ASSIGNMENT — State how many lines in the listing include the word "Chapter", and give no other text.

EXTRACTED RECORDS —

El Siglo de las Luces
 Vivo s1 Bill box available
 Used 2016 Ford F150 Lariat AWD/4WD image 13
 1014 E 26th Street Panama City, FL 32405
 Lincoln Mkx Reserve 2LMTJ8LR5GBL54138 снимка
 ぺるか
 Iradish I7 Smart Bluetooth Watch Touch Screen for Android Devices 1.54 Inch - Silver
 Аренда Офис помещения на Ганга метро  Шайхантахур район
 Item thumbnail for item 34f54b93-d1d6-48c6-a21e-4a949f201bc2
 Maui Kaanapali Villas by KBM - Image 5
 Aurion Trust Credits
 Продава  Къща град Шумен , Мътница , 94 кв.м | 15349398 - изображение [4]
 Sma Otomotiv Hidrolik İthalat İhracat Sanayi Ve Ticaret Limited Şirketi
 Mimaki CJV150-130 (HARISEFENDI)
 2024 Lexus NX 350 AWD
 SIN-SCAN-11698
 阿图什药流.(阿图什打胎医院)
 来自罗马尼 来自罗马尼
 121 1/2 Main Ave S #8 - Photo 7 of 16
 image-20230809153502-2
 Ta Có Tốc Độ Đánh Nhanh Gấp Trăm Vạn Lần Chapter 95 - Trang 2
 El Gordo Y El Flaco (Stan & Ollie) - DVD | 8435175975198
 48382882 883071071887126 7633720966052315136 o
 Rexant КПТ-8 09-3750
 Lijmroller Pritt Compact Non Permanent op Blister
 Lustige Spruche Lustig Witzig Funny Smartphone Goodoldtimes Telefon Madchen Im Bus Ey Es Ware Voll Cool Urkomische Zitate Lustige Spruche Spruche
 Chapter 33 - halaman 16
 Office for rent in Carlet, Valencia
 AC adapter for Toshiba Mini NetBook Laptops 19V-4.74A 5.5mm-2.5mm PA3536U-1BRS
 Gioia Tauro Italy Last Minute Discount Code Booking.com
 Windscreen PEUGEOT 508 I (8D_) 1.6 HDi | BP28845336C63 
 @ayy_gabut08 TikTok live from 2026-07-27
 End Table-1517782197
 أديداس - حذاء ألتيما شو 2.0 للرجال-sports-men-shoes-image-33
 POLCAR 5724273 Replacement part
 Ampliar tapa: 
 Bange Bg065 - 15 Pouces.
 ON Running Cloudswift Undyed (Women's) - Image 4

ANSWER FOR THIS EXERCISE — 2